Indeed. I first tried to replace the names array with a map but as I got deeper, more and more would have to be changed. The issue is so many methods use the getName(index) method which is not only fast but cannot be done on a map. I did not want to break any existing functionality so I added the map.
Comment 3 Richard Hart 2015-10-23 11:54:48 UTC
If I am not mistaken, the names array also contains names that are empty ("") such as when the cell is first created. Giving the cell a name is not required. The map can have only one empty name. So there is a difference between the two stores. The map contains only names whose length > 0.
Comment 4 Javen O'Neal 2015-10-23 12:05:02 UTC
There might be some off-the-shelf solutions available for this, though the underlying implementation of MultiKeyMap would determine if this saves any memory over maintaining a List and a Map in parallel--at least a hybrid data structure would relieve the developers of touching twice as many data structures and twice as many functions.
https://commons.apache.org/proper/commons-collections/javadocs/api-3.2.1/org/apache/commons/collections/map/MultiKeyMap.html

Alternatively, if the performance hit is small enough, some type of SortedMap/TreeMap/LinkedHashMap might work here:
getName(int index) -> map.values().toArray()[index]

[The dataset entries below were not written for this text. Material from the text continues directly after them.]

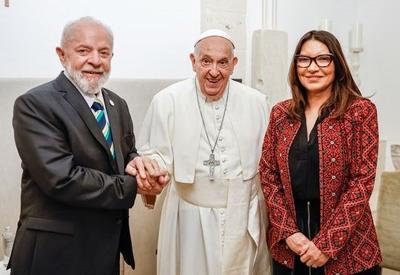 Lula realiza missa em Brasília pela saúde do papa Francisco 
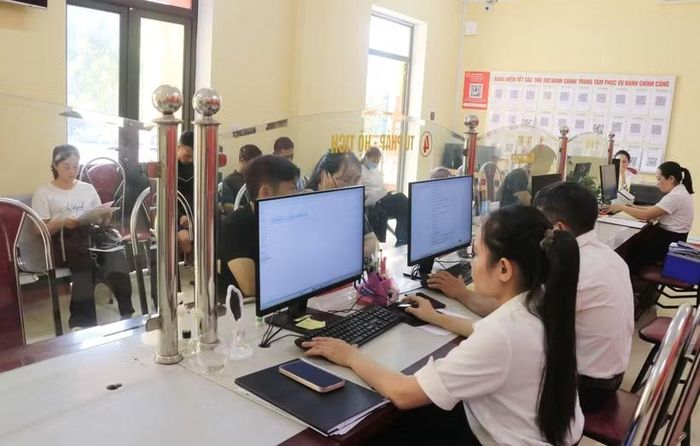 Sau một năm thực hiện mô hình chính quyền địa phương hai cấp, xã Việt Hồng tiếp nhận 5.484 hồ sơ, trong đó có 5.480 hồ sơ giải quyết trước hạn, đạt trên 99,9%. (Ảnh: Đinh Thùy/TTXVN)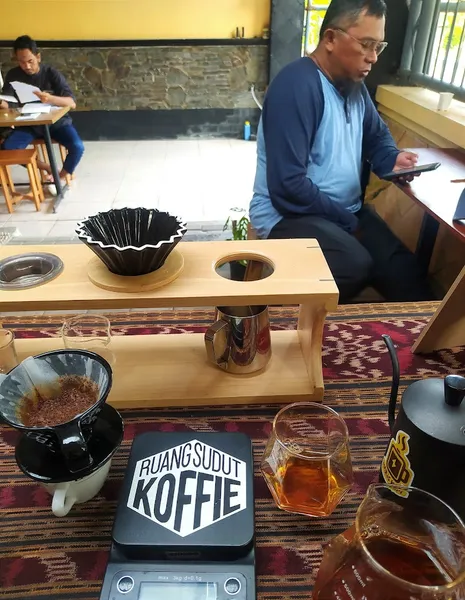 Ruang Sudut Kopi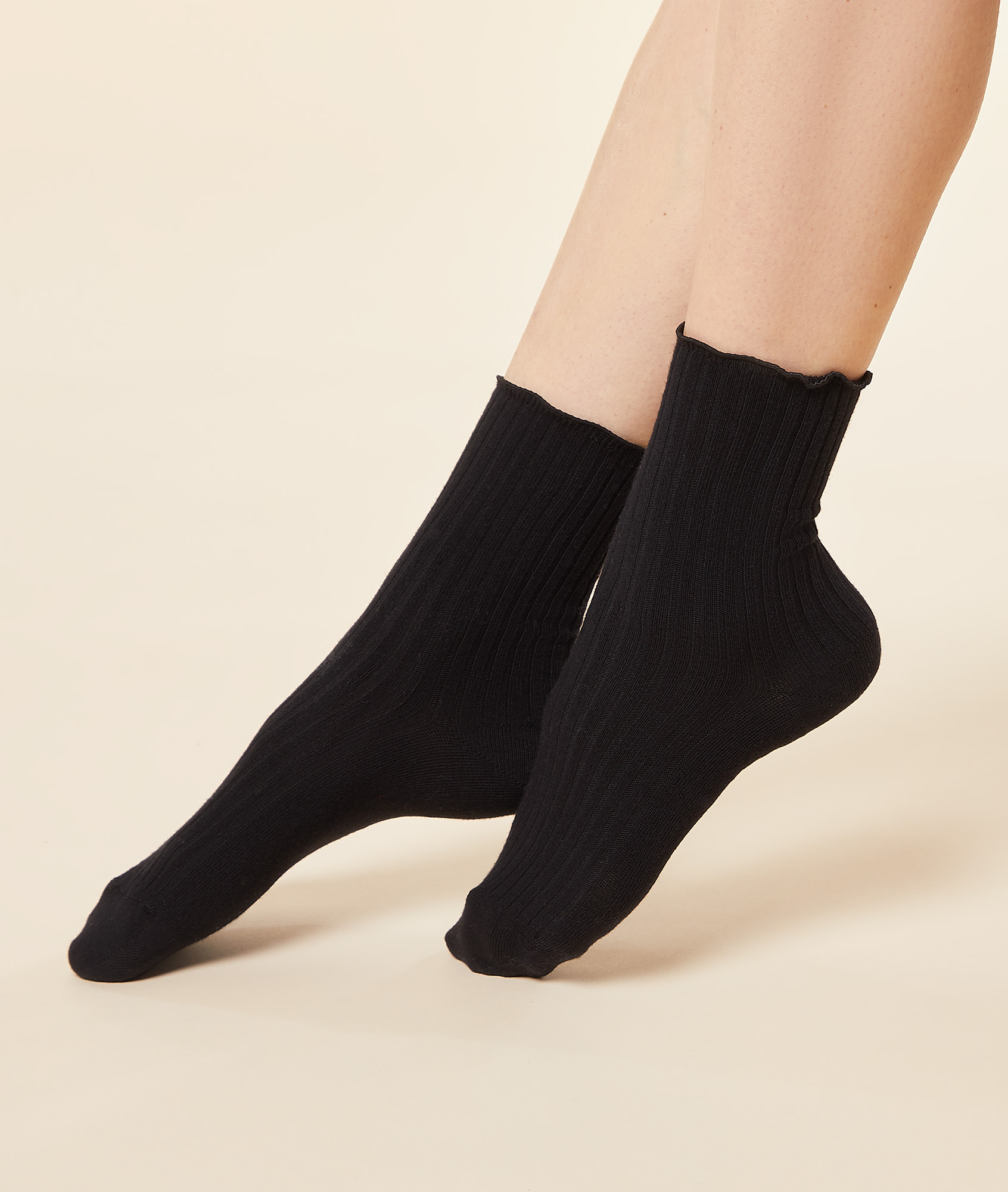 Chaussettes mode unies à volants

If those suggestions don't work, you could roll your own hybrid data structure to maintain two underlying data structures in parallel. Better encapsulation.

> (In reply to Richard Hart from comment #3)
> If I am not mistaken, the names array also contains names that are empty
> ("") such as when the cell is first created. Giving the cell a name is not
> required. The map can have only one empty name. So there is a difference
> between the two stores. The map contains only names whose length > 0.

Hmm.. another wrinkle in the design. Let me think about this problem a bit more. It's starting to sound like a custom-built hybrid data structure will be needed here. Maybe that custom data structure is LinkTable.java.